The portion of the vestibular pathway that is primarily affected in this disease is thought to be the superior part of the vestibular nerve trunk, which was observed to show degenerative changes by Schuknecht and Kitamura. Earlier, Dix and Hallpike had reasoned that the lesion was located central to the labyrinth, as hearing is spared and vestibular function usually returns to normal. They used the term vestibular neuritis because of the uncertainty of more precise localization within the peripheral vestibular pathway. The cause of vestibular neuritis is still uncertain, but many authorities have attributed it to a viral infection of the vestibular nerve, analogous to Bell's palsy, and from time to time, enhancement of the eighth nerve or the membranous labyrinth is seen after gadolinium administration on MRI. For want of more specific etiologic or pathologic data, many neurologists prefer the term vestibular neuropathy or neuritis or acute unilateral peripheral vestibulopathy. It is likely that the conditions described under the terms epidemic vertigo, epidemic labyrinthitis, and acute labyrinthitis or neurolabyrinthitis refer to the same process. Certainly, herpes zoster oticus causes this syndrome (as well as affecting the seventh nerve); this characterizes the Ramsay Hunt syndrome described in Chaps. 10 and 47.
During the acute stage, antihistamine drugs, promethazine, clonazepam, and scopolamine may be helpful in reducing the symptoms. Vestibular exercises are recommended by Baloh (2003) in his review of the subject. One clinical trial has demonstrated a more rapid recovery with the use of methylprednisolone, 100 mg orally, tapered over 3 weeks; valacyclovir did not have this effect (Strupp et al).
Other Causes of Vertigo of Vestibular Nerve Origin
Vertigo may occur with diseases that involve the eighth nerve in the petrous bone or at the cerebellopontine angle. Aside from vestibular neuritis, discussed above, the two most common causes of vertigo of eighth nerve origin are probably an acoustic or vestibular schwannoma and vascular irritation or compression by a small branch of the basilar artery. The frequency of the vascular compression syndrome as a cause of otherwise undifferentiated vertigo is not known (see earlier).

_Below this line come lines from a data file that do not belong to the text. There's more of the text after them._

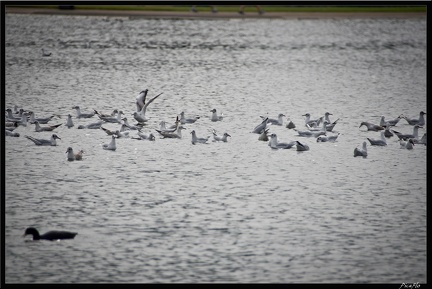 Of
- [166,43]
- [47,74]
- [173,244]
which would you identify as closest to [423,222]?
[173,244]

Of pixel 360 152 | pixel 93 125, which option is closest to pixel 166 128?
pixel 93 125

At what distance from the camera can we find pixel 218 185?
1612 cm

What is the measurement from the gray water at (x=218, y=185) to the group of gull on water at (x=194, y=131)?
0.22 meters

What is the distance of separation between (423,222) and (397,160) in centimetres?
474

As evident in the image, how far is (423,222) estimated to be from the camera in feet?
45.0

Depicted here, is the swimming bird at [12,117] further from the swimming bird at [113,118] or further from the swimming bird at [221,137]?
the swimming bird at [221,137]

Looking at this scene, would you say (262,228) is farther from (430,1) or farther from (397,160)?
(397,160)

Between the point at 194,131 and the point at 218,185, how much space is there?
13.8 ft

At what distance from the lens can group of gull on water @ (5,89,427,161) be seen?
19562 millimetres

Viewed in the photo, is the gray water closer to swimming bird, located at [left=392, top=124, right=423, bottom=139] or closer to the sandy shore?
swimming bird, located at [left=392, top=124, right=423, bottom=139]

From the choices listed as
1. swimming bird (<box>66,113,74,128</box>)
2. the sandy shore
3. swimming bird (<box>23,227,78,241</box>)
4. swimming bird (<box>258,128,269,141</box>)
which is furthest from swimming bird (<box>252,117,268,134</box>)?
the sandy shore

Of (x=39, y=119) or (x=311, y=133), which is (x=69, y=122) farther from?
(x=311, y=133)

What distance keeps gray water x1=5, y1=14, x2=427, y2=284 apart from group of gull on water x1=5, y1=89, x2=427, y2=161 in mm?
219

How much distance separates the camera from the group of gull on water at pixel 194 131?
1956 cm
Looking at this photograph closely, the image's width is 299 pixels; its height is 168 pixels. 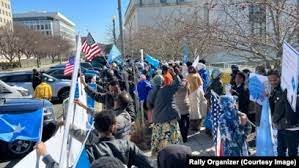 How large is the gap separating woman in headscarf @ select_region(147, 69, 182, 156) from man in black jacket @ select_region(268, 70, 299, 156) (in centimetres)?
192

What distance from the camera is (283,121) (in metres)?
6.26

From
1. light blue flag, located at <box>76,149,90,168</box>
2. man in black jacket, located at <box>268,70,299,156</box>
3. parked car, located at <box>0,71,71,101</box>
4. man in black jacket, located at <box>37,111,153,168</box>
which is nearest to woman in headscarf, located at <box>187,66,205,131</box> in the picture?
man in black jacket, located at <box>268,70,299,156</box>

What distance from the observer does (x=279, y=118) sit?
6289mm

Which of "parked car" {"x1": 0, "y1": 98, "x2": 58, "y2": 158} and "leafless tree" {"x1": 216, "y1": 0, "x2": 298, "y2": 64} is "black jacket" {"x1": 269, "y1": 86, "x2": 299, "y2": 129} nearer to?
"leafless tree" {"x1": 216, "y1": 0, "x2": 298, "y2": 64}

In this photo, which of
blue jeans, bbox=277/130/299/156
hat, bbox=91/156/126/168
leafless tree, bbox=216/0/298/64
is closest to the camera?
hat, bbox=91/156/126/168

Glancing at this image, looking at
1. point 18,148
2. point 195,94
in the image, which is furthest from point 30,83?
point 195,94

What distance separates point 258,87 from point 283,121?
78 centimetres

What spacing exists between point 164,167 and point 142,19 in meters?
89.8

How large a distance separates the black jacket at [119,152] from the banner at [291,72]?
5.62 feet

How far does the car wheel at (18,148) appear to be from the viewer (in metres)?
9.34

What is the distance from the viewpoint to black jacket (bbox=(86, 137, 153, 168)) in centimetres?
409

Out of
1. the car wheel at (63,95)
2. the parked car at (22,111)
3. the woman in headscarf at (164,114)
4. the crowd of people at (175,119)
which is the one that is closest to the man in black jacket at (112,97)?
the crowd of people at (175,119)

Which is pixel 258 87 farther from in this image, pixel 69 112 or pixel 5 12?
pixel 5 12

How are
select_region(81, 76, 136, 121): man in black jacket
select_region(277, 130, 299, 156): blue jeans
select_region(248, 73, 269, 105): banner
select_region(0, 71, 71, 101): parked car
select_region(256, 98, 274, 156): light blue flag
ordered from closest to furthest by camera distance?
select_region(256, 98, 274, 156): light blue flag → select_region(277, 130, 299, 156): blue jeans → select_region(248, 73, 269, 105): banner → select_region(81, 76, 136, 121): man in black jacket → select_region(0, 71, 71, 101): parked car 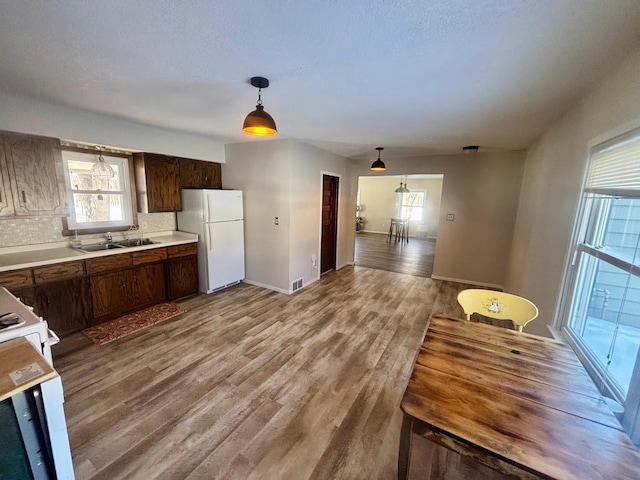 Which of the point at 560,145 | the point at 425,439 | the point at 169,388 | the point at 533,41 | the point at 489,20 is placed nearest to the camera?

Regarding vestibular schwannoma, vertigo is rarely the initial symptom; the usual sequence is deafness affecting the high-frequency tones initially, followed some months or years later by mild chronic imbalance rather than vertigo and by impaired caloric responses, and then, if untreated, by additional cranial nerve palsies (the seventh, fifth, and tenth nerves), ipsilateral ataxia of limbs, and headache. Variations in the sequence of development of symptoms are frequent, and probably many vestibular schwannomas discovered in the process of an evaluation for vertigo are incidental; i.e., almost 1 percent of the general population harbors small tumors. In the diagnosis of vestibular and acoustic schwannoma, MRI and BAEP are the most important ancillary examinations. Bilateral vestibular/acoustic Schwannomas are almost always a manifestation of neurofibromatosis type 2.
Labyrinthine infarction can be a component of the stroke syndrome from occlusion of the anterior inferior cerebellar artery (AICA). In the complete syndrome there is hearing loss, cerebellar ataxia, and sometimes "screaming tinnitus" or lesser degrees of tonal tinnitus. Also reported is a clinical syndrome of unknown nature consisting of a single abrupt attack of severe vertigo, nausea, and vomiting without tinnitus or hearing loss but with permanent ablation of labyrinthine function on one side. It has been suggested that this syndrome is a result of occlusion of the labyrinthine division of the internal auditory artery, but so far, anatomic confirmation has not been obtained. Labyrinthine hemorrhage has been demonstrated by MRI in some of these patients; others are attributed, speculatively, to viral infection.
Basser described a particular form of paroxysmal vertigo that occurs in childhood. The attacks occur in a setting of good health and are of sudden onset and brief duration. Pallor, sweating, and immobility are prominent manifestations; occasionally, vomiting and nystagmus occur. No relation to posture or movement has been observed. The attacks are recurrent but tend to cease spontaneously after a period of several months or years. The outstanding abnormality is demonstrated by caloric testing, which shows impairment or loss of vestibular function, bilaterally or unilaterally, frequently persisting after the attacks have ceased. Cochlear function is unimpaired. The pathologic basis of this disorder has not been determined, and a suggested connection with migraine is tenuous. The special case of basilar artery migraine is discussed below.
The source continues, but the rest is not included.